A recent query from an author was full of plans for a how-to book that is partially written. Among other ideas, the author said that several autobiographical chapters were in the works. These would take the reader through the author’s background and show just why the author is entitled to the expertise claimed in the book.
What’s wrong with this picture? We think it is this: a how-to book is not an autobiography. People who buy and read how-to books are looking to learn how to do whatever it is. It seems highly unlikely they will care about the author’s background except insofar as that background directly helps them learn how-to.

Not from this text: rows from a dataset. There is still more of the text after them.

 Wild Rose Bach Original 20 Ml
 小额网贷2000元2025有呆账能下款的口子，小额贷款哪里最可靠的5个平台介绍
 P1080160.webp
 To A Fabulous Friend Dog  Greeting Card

We don’t deny that how-to authors have to establish their bona-fides. Often, that can be accomplished in a paragraph or two on the back of the book– or perhaps sprinkled in with how-to recommendations in the form of personal anecdotes. In the 2006 book pictured here, HOW TO WALK IN HIGH HEELS, A GIRL’S GUIDE TO EVERYTHING, author Camille Morton is described in four words on the back cover: “international style and fashion journalist.”

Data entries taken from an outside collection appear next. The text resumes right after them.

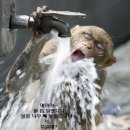 아싸리 Daum카페
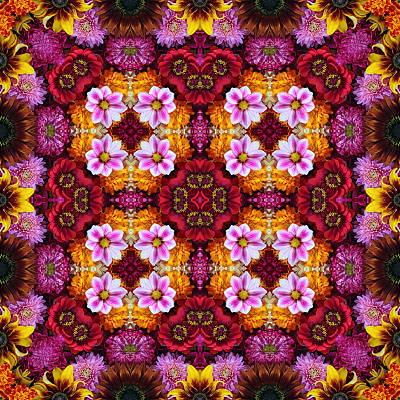 无缝的花朵背景图片下载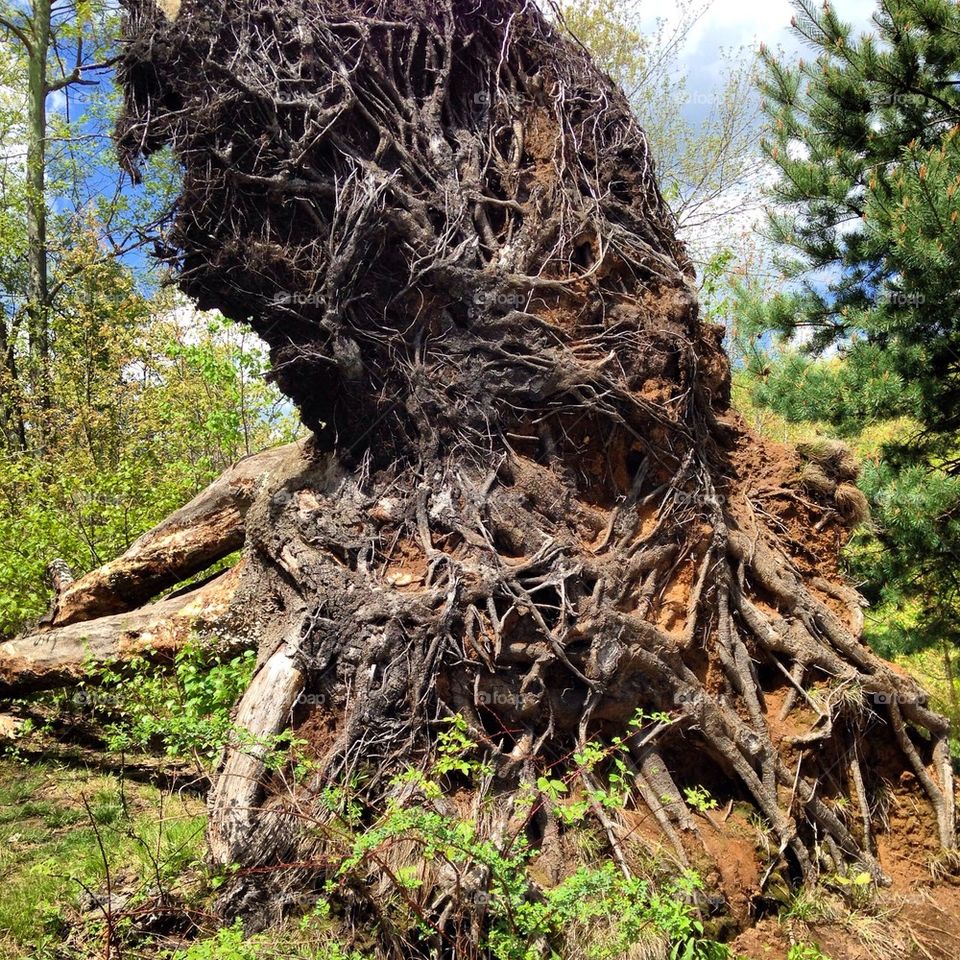 Tree roots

One can imagine a young woman dipping into the book to learn how to be stylish, but not to find out how Morton’s childhood experience informed her ability to wear high heels. How-to readers have themselves and their betterment in mind when they delve into a book that they think is going to instruct them. Author autobiography is only a detour around the meat that they are really after. And why take a detour when some other how-to author will lay it out directly?
The effectiveness of how-to books is measured in the minds of readers and the success they see themselves having in meeting a certain goal. If the prescribed steps are clear and effective, that will establish the author’s expertise and it will do so more effectively than volumes of autobiographical material.